Reconstructed machine-readable definitions and/or other relevant files

C-H 3-3220-128: IBM Korean Graphic Character Set for Extended UNIX Code (EUC)

Planes defined
CPGID 971
Repertoires defined
GCSGID 1051, GCSGID 1056

C-H 3-3220-128 1993-11

Reconstructed machine-readable definitions and/or other relevant files

C-H 3-3220-129: IBM Traditional Chinese Graphic Character Set for Extended UNIX Code (EUC)

Planes defined
CPGID 960, CPGID 961
Repertoires defined
GCSGID 1070, GCSGID 1071, GCSGID 1073

C-H 3-3220-129 1993-11

Reconstructed machine-readable definitions and/or other relevant files

C-H 3-3220-130: IBM Simplified Chinese Graphic Character Set

Planes defined
CPGID 837, CPGID 928, CPGID 1380, CPGID 65284
Repertoires defined
GCSGID 937, GCSGID 1020, GCSGID 1021, GCSGID 1022, GCSGID 1023, GCSGID 1024, GCSGID 1025, GCSGID 1080

CPGID 928 is referenced to the (unavailable) 1992-11 version, although at least one ICU mapping containing it does exist, but outside of the main source tree. It seems to have been a superset of the encoding described by Mark Leisher's SHIFTGB.TXT, which was "Generated from an algorithm provided with some older Chinese packages." in March 1998.

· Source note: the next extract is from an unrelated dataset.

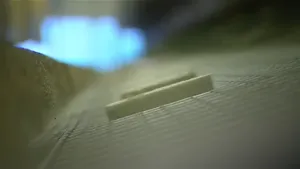 Van rijstkorrel tot wafel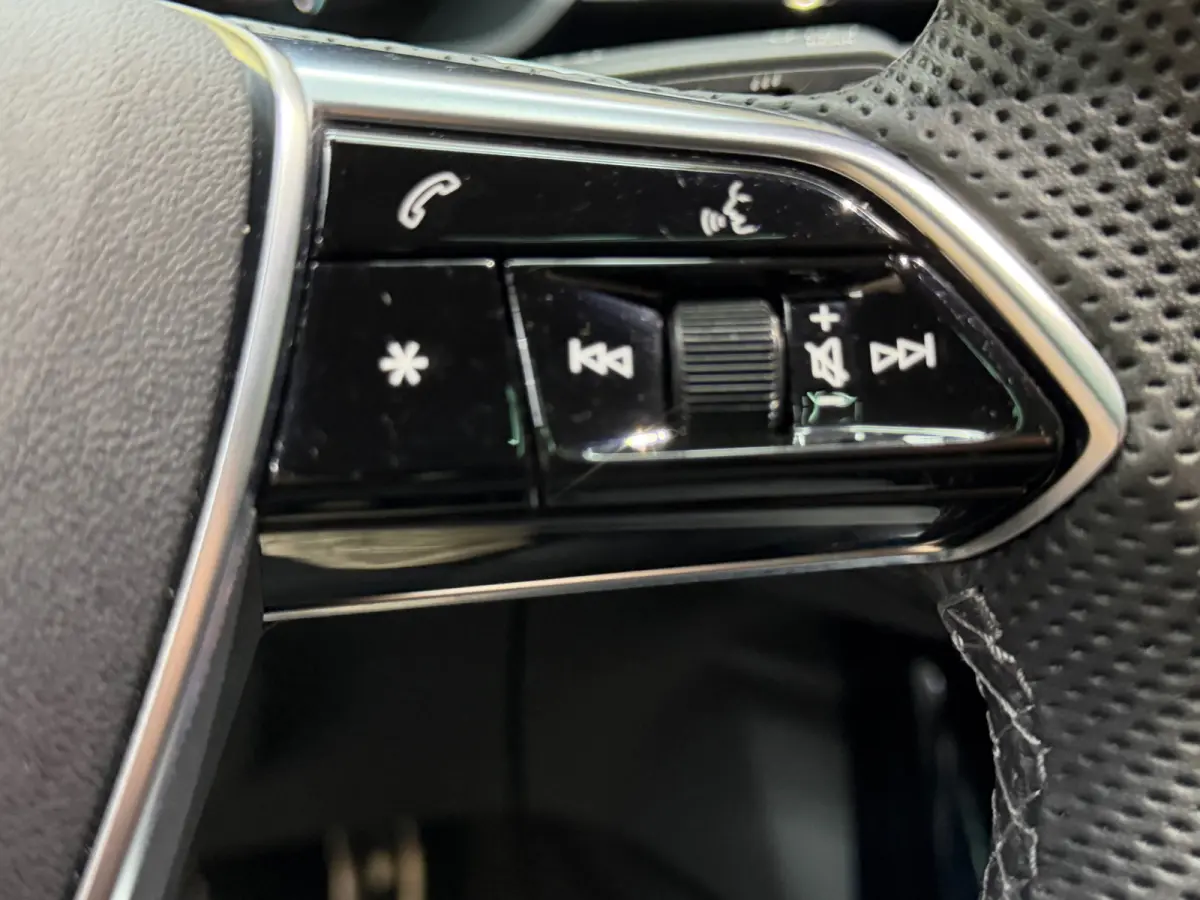 SQ8 50 quattro S Edition 95 kWh,21"LM, Pano, Adaptive Cruise, 360, Trekhaak, Luchtvering, Leder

Furthermore, the charts for CPGID 837 are split between C-H 3-3220-130 and C-H 3-3220-020, with C-H 3-3220-130 charting CPGID 837 as of 1993, and any additions being charted (or in some cases merely described) in C-H 3-3220-020. In AFP contexts, the subset of CPGID 837 defined by this specification alone (possibly with the addition of the Euro sign at 0x45EB) is assigned the private-use CPGID 65284.

C-H 3-3220-130 1993-11

Reconstructed machine-readable definitions and/or other relevant files

C-H 3-3220-131: IBM Traditional Chinese Graphic Character Set for IBM BIG-5 Code

Planes defined
CPGID 947
Repertoires defined
GCSGID 935, GCSGID 1030, GCSGID 1075, GCSGID 1076, GCSGID 1077, GCSGID 1077 (common subset)

C-H 3-3220-131 1999-04

Reconstructed machine-readable definitions and/or other relevant files

C-H 3-3220-132: IBM Simplified Chinese Graphic Character Set for Extended UNIX Code (EUC)

Planes defined
CPGID 1382
Repertoires defined
GCSGID 1080, GCSGID 1081

C-H 3-3220-132 1994-06

Reconstructed machine-readable definitions and/or other relevant files

C-H 3-3220-133: IBM Japanese Graphic Character Set, Kanji, for Open Environment

Planes defined
CPGID 941, CPGID 1351
Repertoires defined
GCSGID 370, GCSGID 1000, GCSGID 1061, GCSGID 1066

C-H 3-3220-133 1996-08

Reconstructed machine-readable definitions and/or other relevant files

Other DBCS code pages

Planes defined
CPGID 955, CPGID 963, CPGID 1372, CPGID 1374, CPGID 1376, CPGID 1393
Repertoires defined
GCSGID 1020 (Euro), GCSGID 1021 (AFP), GCSGID 1063, GCSGID 1064, GCSGID 2110, GCSGID 2111, GCSGID 2112, GCSGID 2113, GCSGID 2114, GCSGID 2115

CPGIDs 1372, 1374, 1376 are Traditional Chinese (Big5 Microsoft, Big5 HKSCS, EBCDIC HKSCS); specification documents are not publicly available for these, which isn't an issue for the well-documented Big5 planes. The layout of the EBCDIC HKSCS plane is known since the ICU project has, outside of the main source tree, mappings for CCSID 9569 ("IBM-1377 2006 version") and CCSID 13665 ("IBM-1377 2008 version"). GCSGIDs 2110 through 2115 are associated with HKSCS.

CPGID 955 (with GCSGID 1063), GCSGID 1064, and CPGID 1393 are Japanese. CPGID 963 is supplemental for Traditional Chinese. GCSGIDs 1020-ALT and 1021-ALT are used in AFP Simplified Chinese contexts.